The Man Who Loved Children

  • When he reached voting age, he marked his first ballot for Republican Calvin Coolidge in 1924. Five decades later, he ran for President himself. But it is what he accomplished in between that made Dr. Benjamin Spock one of the most famous and controversial figures of his century. He single-handedly changed the way parents raise their children. He preached, albeit gently, that what infants need most from their mothers and fathers is love. Babies are not, he argued (against the prevailing wisdom of the times), little savages who must be broken to adult schedules as quickly as possible. Don't rush them, he urged; cherish them. Small wonder, then, that for millions of parents who followed Dr. Spock's advice with their children, who then did the same with theirs, news of his death last week at age 94 felt like a loss in the family.

    So ubiquitous has Spock's name become that hardly anyone remembers the title of his most famous book, which has sold 50 million copies in 42 languages. In fact, there were two titles. The hardcover edition, published in 1946, was called The Common Sense Book of Baby and Child Care; the paperback, priced at 25[cents], was The Pocket Book of Baby and Child Care.

    But the tone of the prose inside was so soothing and personal that anxious parents who consulted it felt as if Spock himself were at their elbows telling them not to worry. "Trust yourself. You know more than you think you do," he advised. He made sly jokes to suggest that strict rules were overrated: "How to fold a cloth diaper depends on the size of the baby and of the diaper."
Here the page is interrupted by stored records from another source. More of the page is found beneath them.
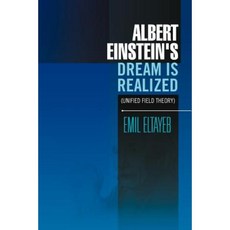 Albert Einstein's Dream Is Realized (Unified Field Theory): Unified Field Theory Paperback, Xlibris Corporation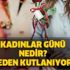 Kadınlar Günü nedir? 8 Mart Kadınlar Günü neden kutlanır? Kadınlar Günü tarihçesi…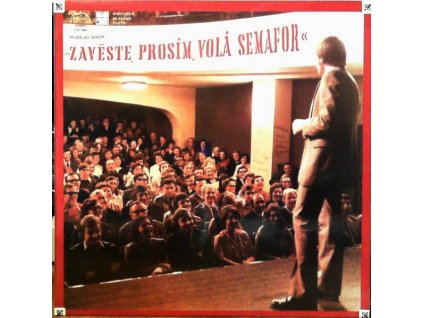 ZAVĚSTE, PROSÍM, VOLÁ SEMAFOR  Šimek Miloslav
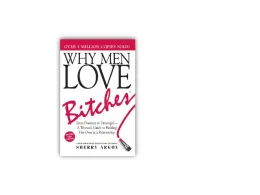 Why Men Love Bitches by Sherry Argov 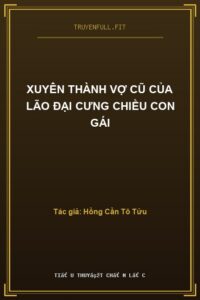 Xuyên Thành Vợ Cũ Của Lão Đại Cưng Chiều Con Gái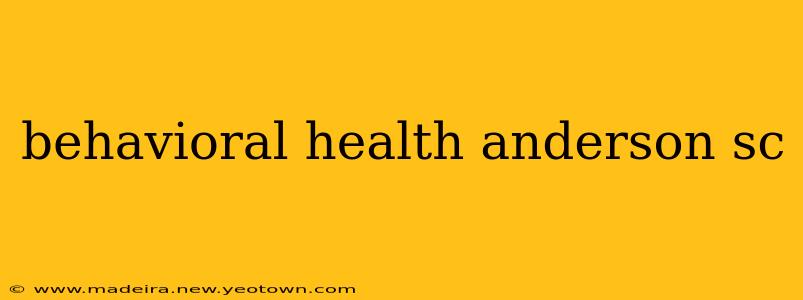 behavioral health anderson sc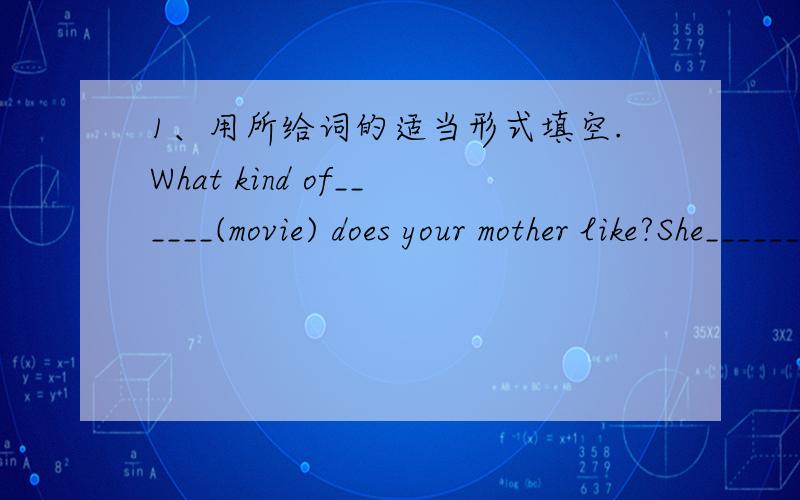 1、用所给词的适当形式填空.What kind of______(movie) does your mother like?She_______(not like) thrillers.My________(brother)birthday is May 28th.My parents and I all like __________(comedy).Do you like ______________(documentary)?Students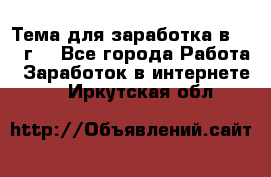 Тема для заработка в 2016 г. - Все города Работа » Заработок в интернете   . Иркутская обл.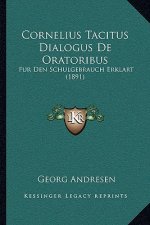Cornelius Tacitus Dialogus De Oratoribus: Fur Den Schulgebrauch Erklart (1891)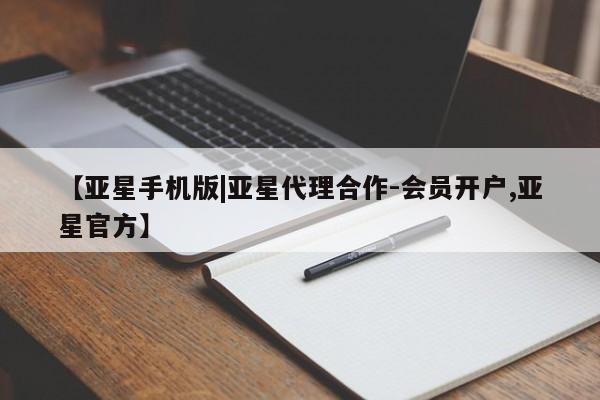 亚星代理开户 亚星会员开户-会员登陆【亚星手机版|亚星代理合作-会员开户,亚星官方】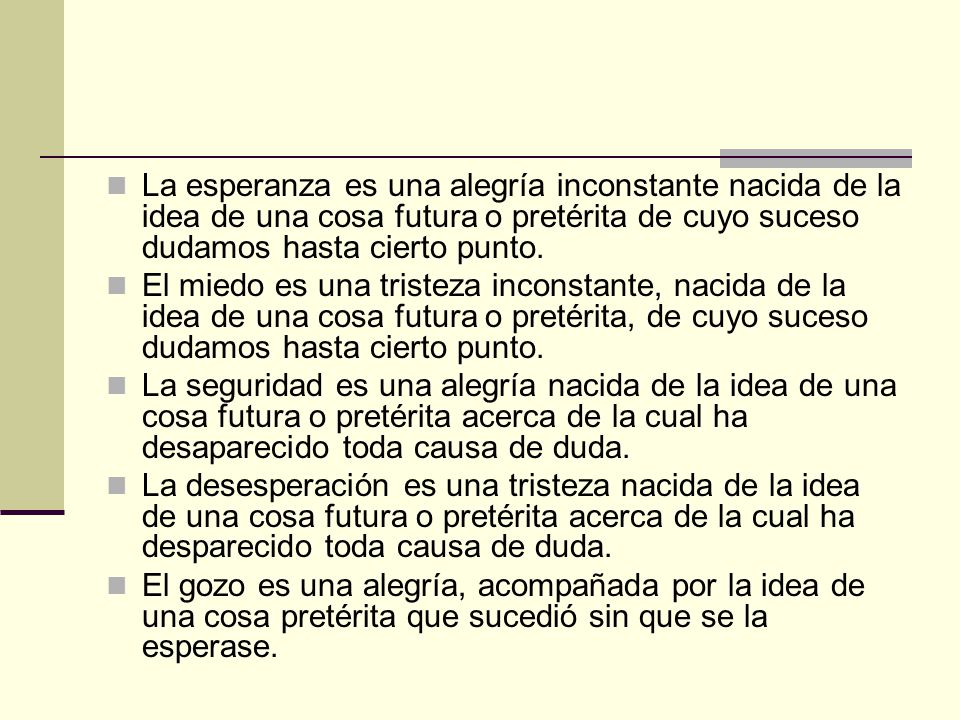 La esperanza es una alegría inconstante nacida de la idea de una cosa futura o pretérita de cuyo suceso dudamos hasta cierto punto.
    Books do not always reflect their authors' real-life personalities, but Spock's did. He was as he seemed: modest, funny, empathetic, confident enough in his own knowledge not to be stuffy about it. He was also a most unlikely revolutionary.

    He grew up in comfortable circumstances, the eldest of six children, in New Haven, Conn. His lawyer father ceded child-raising duties to Spock's flamboyant, histrionic mother, who smothered her firstborn with love, rules and high expectations. During his first year at nearby Yale, the young man was expected to live at home and return each day for lunch. He eventually wheedled permission to room on campus, where he became, in several respects, a big man. Not only did he shoot up to 6 ft. 4 in., he also rowed on the Yale crew that won a gold medal for the U.S. in the 1924 Olympics in Paris.

    While at Yale, he met Jane Cheney, a Bryn Mawr student to whom he proposed on their first date. Although Spock's mother had a low opinion of Bryn Mawr, Spock and Cheney were married in 1927. By that time, Spock was enrolled at the College of Physicians and Surgeons at Columbia University in New York City, where he graduated first in his class in 1929 and set up a pediatric practice. His experiences during the 1930s were crucial to the development of his child-rearing theories. He realized that most of the problems brought to him were behavioral rather than medical: tantrums, thumb sucking, refusal to eat, sleep or potty-train on schedule. Concurrently, he grew interested in Freud and underwent psychoanalysis--twice.

    What Spock really did in Baby and Child Care, which he started writing in 1943, was to sneak Freudian concepts into the American middle-class mind. Surmising that new parents were not yet ready to hear of their infants' oral, anal and genital stages, Spock simply advised moms and dads not to get alarmed if baby sometimes behaved, well, oddly. He had learned from Freud that repression could produce catastrophic adult neuroses. Better, he advised, to wait things out.

    During the 1960s, when Spock and the first generation he had helped raise noisily protested the nuclear arms buildup and the war in Vietnam, critics blamed Spock's "permissive" book for causing all the uproar. "People who call the book permissive never use the book," Spock replied. "They never read it." He had a point. For all its emphasis on love, Spock's book equally stressed parents' obligations to set limits for their children, to teach them by example and precept "what's right and proper."

    In his later years Spock acknowledged that he had not been an ideal husband, or a perfect father to his two sons, Michael and John. "I never kissed them [when they were young]," he said. His wife Jane, feeling neglected by her husband's fame and frequent travels, struggled with mental illness and alcoholism. The two were divorced in 1976. Jane died in 1989.

    Shortly before Spock's death, his second wife Mary made an appeal to friends and admirers to help with her husband's medical bills, which had reached $16,000 a month. His lingering last days contrasted sadly with the vigor and energy of his life. He updated his book constantly, always trying to make it better. The seventh edition contains his "permissive" thoughts on children and video games: "Most computer games are a colossal waste of time." This book will be published on May 2, which would have been the good doctor's 95th birthday.